[[ SUPPLIED MATERIAL open ]]

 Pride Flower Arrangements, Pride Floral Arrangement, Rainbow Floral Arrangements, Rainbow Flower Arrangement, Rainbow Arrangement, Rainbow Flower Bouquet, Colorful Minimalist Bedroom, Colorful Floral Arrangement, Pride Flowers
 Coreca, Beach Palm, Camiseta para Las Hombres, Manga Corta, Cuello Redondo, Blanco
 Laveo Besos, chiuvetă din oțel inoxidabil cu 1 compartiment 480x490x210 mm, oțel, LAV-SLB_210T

[[ SUPPLIED MATERIAL closed ]]
[[ SUPPLIED MATERIAL open ]]

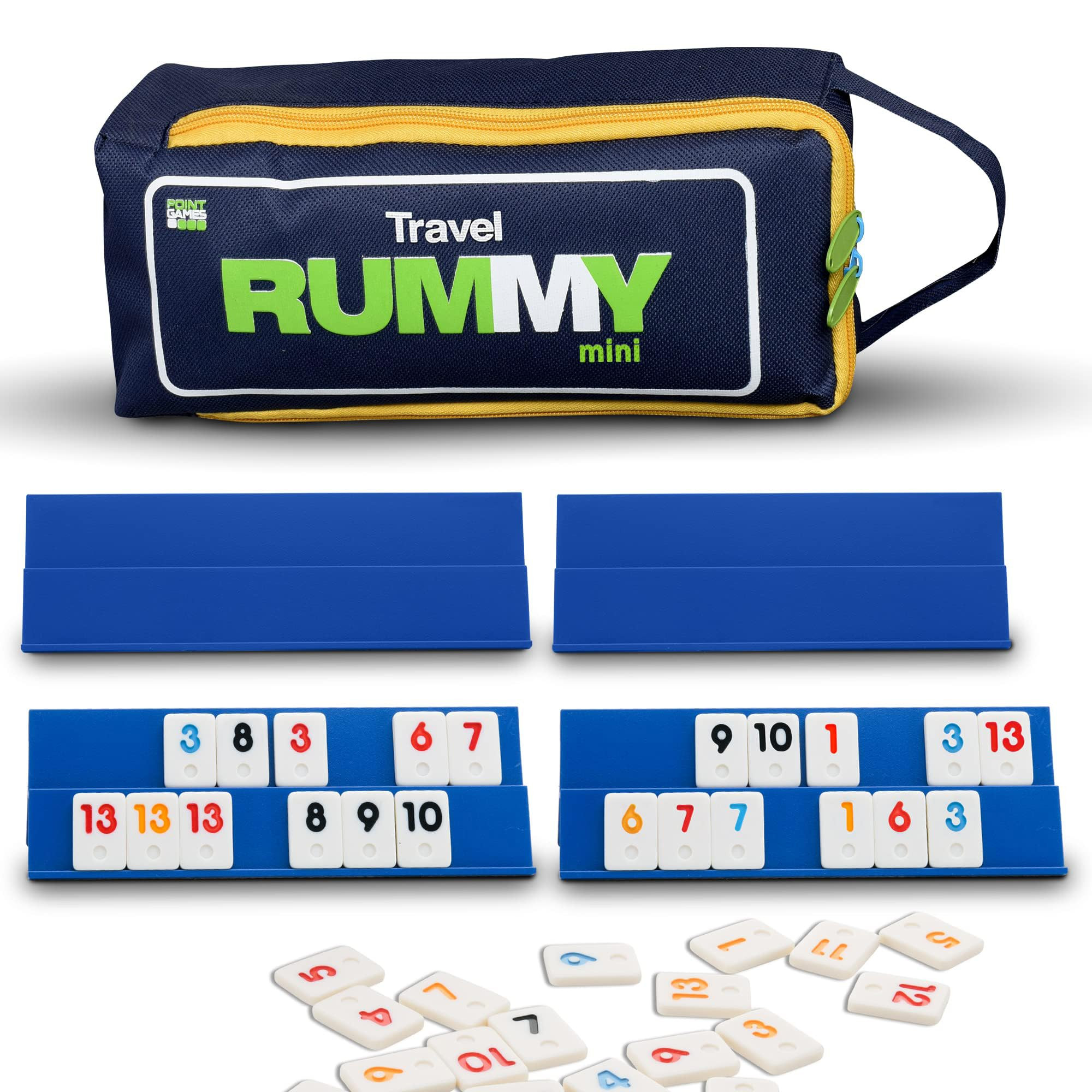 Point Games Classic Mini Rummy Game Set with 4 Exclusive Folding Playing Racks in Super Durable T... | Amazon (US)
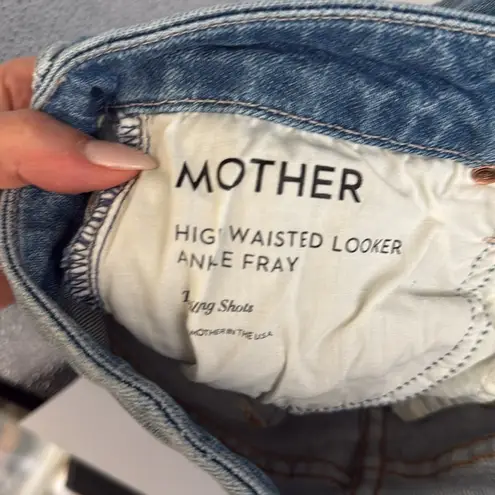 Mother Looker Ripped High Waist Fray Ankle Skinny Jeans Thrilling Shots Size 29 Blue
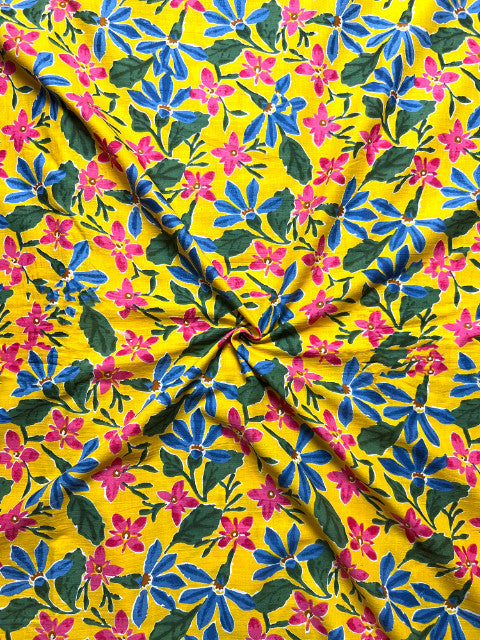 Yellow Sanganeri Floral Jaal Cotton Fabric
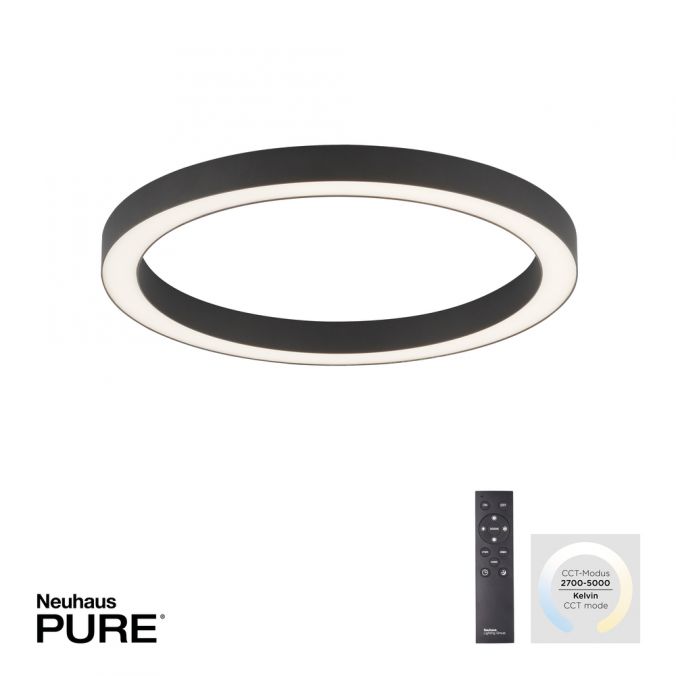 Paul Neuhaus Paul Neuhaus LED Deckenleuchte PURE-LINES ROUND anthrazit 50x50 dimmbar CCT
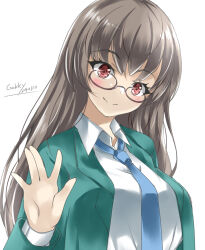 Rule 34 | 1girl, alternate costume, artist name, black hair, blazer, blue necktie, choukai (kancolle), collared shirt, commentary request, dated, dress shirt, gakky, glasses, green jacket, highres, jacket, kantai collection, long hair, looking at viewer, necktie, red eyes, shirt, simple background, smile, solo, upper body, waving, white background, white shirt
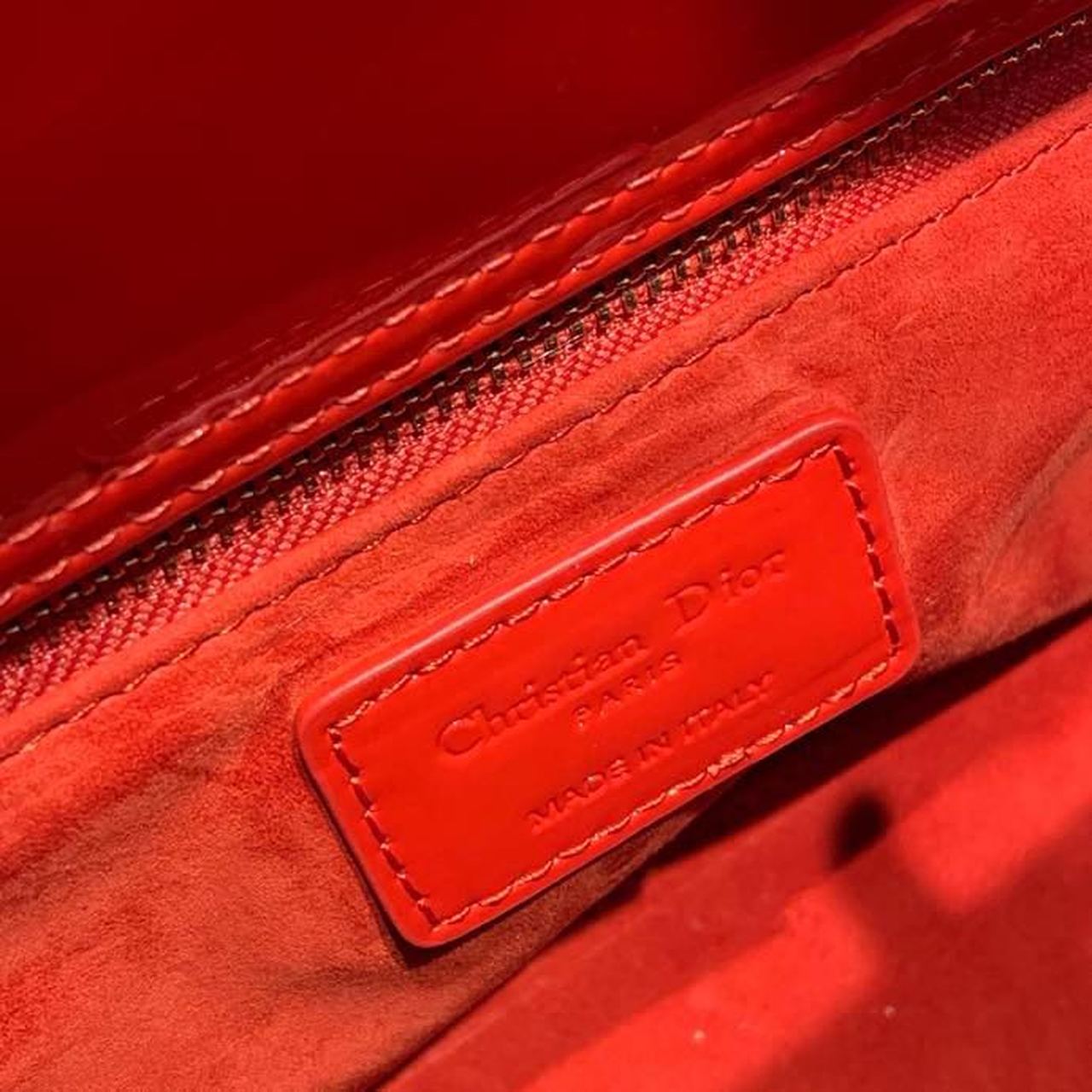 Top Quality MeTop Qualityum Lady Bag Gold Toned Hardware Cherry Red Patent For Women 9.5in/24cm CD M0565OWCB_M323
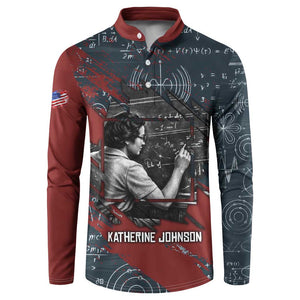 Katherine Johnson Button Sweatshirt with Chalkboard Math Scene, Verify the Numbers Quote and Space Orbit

[[ SUPPLIED MATERIAL closed ]]
[[ SUPPLIED MATERIAL open ]]

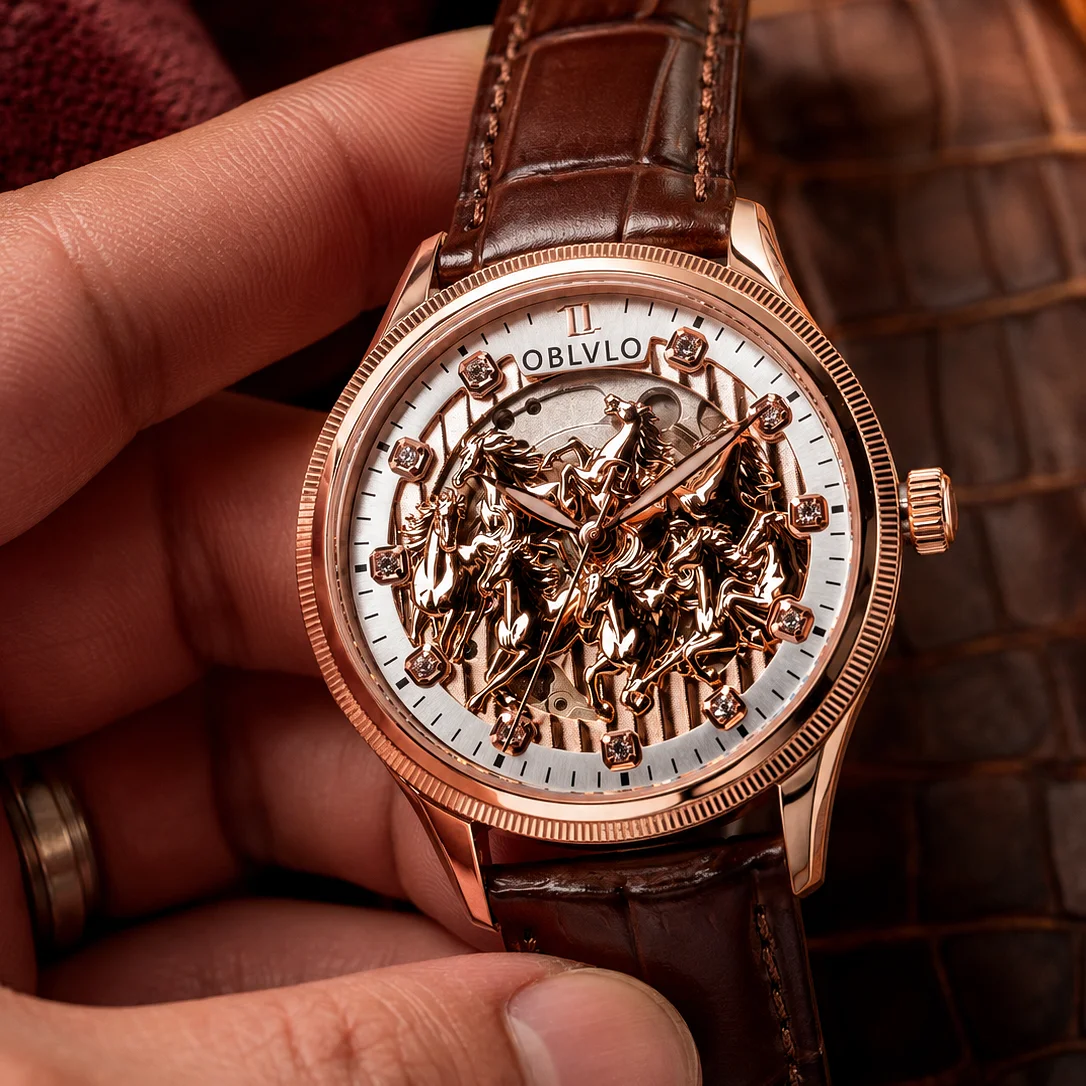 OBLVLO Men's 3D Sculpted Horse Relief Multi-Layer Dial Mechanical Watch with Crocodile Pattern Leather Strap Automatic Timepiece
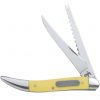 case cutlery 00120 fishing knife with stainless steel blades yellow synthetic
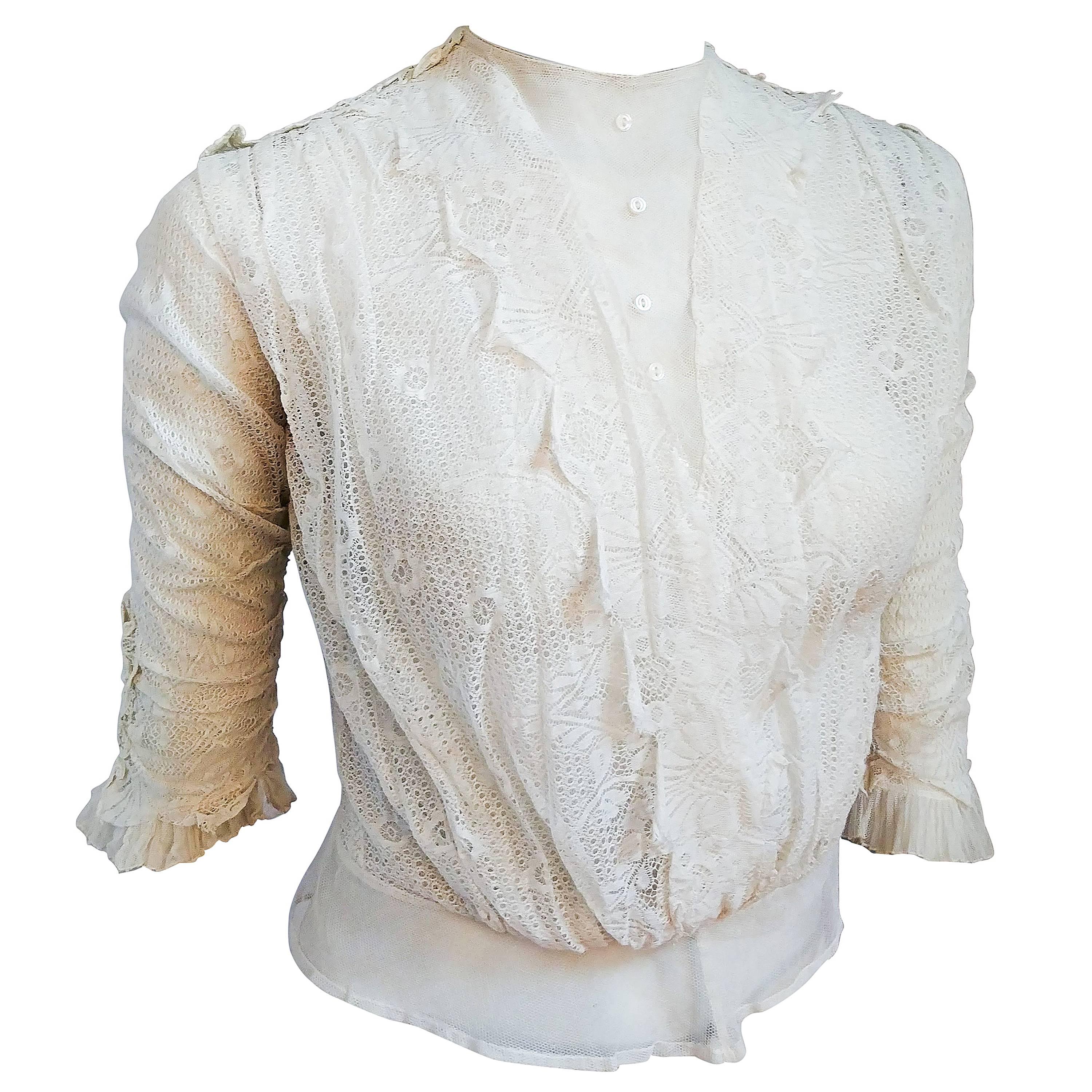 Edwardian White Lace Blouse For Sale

[[ SUPPLIED MATERIAL closed ]]

### TASK DETAILS
Everything above from the line containing "Rule 34 | 1girl, alternate" down to the line containing "Top Quality MeTop" is to be duplicated exactly, both lines included, and the pictures are to be omitted.

### ANSWER TO THIS EXERCISE
 Rule 34 | 1girl, alternate costume, artist name, black hair, blazer, blue necktie, choukai (kancolle), collared shirt, commentary request, dated, dress shirt, gakky, glasses, green jacket, highres, jacket, kantai collection, long hair, looking at viewer, necktie, red eyes, shirt, simple background, smile, solo, upper body, waving, white background, white shirt
 Top Quality MeTop Qualityum Lady Bag Gold Toned Hardware Cherry Red Patent For Women 9.5in/24cm CD M0565OWCB_M323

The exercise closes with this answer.